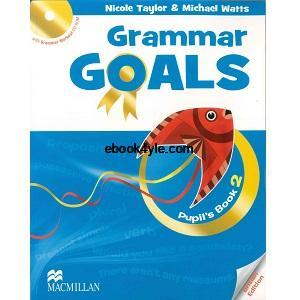 Grammar Goals 2 Pupil's Book British Edition Grammar Goals 2 Pupil's Book British Edition ebook pdf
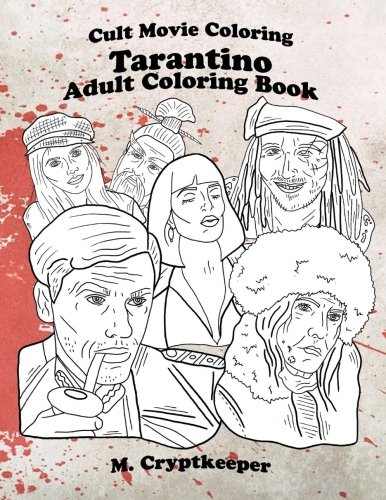 Cult Movie Coloring: (Unofficial) Quentin Tarantino Movie Characters Adult Coloring Book: Including Cult Classics: Mia Wallace, Mr. Brown, Pai Mei, ... Col Hans Landa, Shosanna And Daisy Domergue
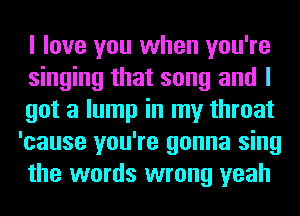 I love you when you're

singing that song and I

got a lump in my throat
'cause you're gonna sing
the words wrong yeah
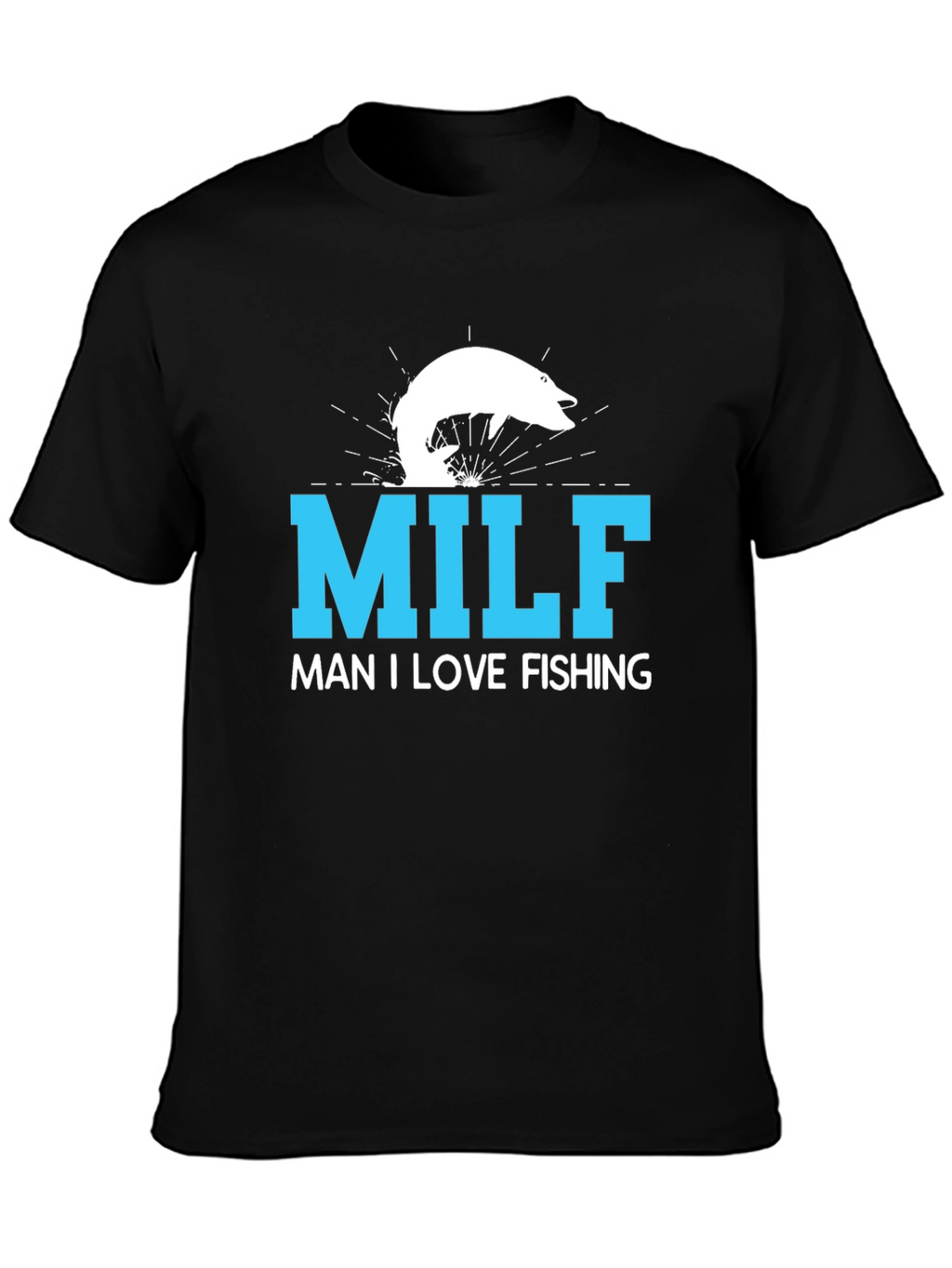 MILF Man I Love Fishing T-Shirt Black Cotton Tee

▶ _Task_:
Reproduce verbatim, and only, the lines starting at the one that contains "got a lump in my throat" and ending with the final line of the records; leave out the pictures.

▶ _Response_:
got a lump in my throat
'cause you're gonna sing
the words wrong yeah
 MILF Man I Love Fishing T-Shirt Black Cotton Tee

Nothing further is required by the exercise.